From 28% to 68% of women using hormones at menopause take compounded, so-called “bioidentical” hormones, but women don’t understand the risks of these unapproved, untested treatments, shows an analysis of two large surveys, which was published online in Menopause, the journal of The North American Menopause Society.
Prescriptions of compounded hormones aren’t systematically tracked the way those for FDA-approved drugs are, so the analysts used two large internet surveys of middle-aged and older US women to gauge how commonly they use approved hormone therapy and compounded hormone therapy at menopause. Nearly 3,000 women completed the Harris Interactive Inc and Rose Research LLC surveys, and the researchers used their feedback and US Census data to estimate national use.
They calculated that each year 57 to 75 million prescriptions for all menopausal hormone therapies are filled. Thirty-six million prescriptions are written for FDA-approved hormone therapy, so the remaining 28 to 39 million prescriptions are likely for compounded hormones.
But it seems that women who take them don’t know what they’re getting into. One survey asked women “Do you believe that bioidentical hormone therapies compounded at a specialty pharmacy are FDA-approved?” Only 14% correctly answered “no.” Most–76%–weren’t sure, and 10% incorrectly answered “yes.”
The risks of taking unapproved compounded hormones are not well documented because the formulations are not tested in clinical trials before they are dispensed and there is no formal mechanism for reporting adverse events after women take them. But investigative news reporting in MORE magazine (October 2013) demonstrated that filled compounded hormone prescriptions often don’t have the amounts of hormone prescribed. That can be especially risky when a woman takes estrogen without enough progesterone, an imbalance that puts women at increased risk of endometrial cancer.
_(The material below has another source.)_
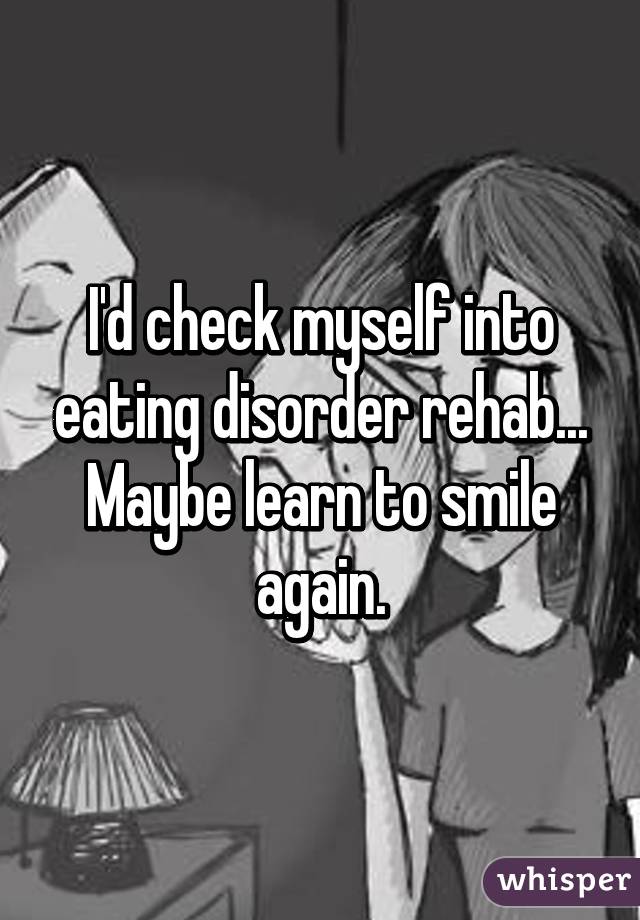 I'd check myself into eating disorder rehab... Maybe learn to smile again.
The Harris survey results show that most women (63%) are talking to their doctors about their menopausal symptoms and the treatment options. However, fewer women are using menopausal hormone therapy today–only 13% to 15% in these surveys. After evidence of adverse events from the Women’s Health Initiative made news in 2000, hormone therapy use plummeted. Concern about those adverse events seems to have prompted many women who want to take hormones to seek out physicians who prescribe compounded hormones, which are marketed as “natural” or “bioidentical”–and therefore perceived as safer–even though many of the FDA-approved hormones are also the same as the body makes.
“These results indicate a general lack of understanding about key differences between compounded and FDA-approved hormone therapy. This publication establishes the need for better education on this topic,” commented Dr. Margery Gass, executive director of The North American Menopause Society.
The analysis, “Compounded bioidentical hormone therapy: identifying use trends and knowledge gaps among US women,” was funded by Therapeutics MD and will be published in the September 2015 print edition of Menopause.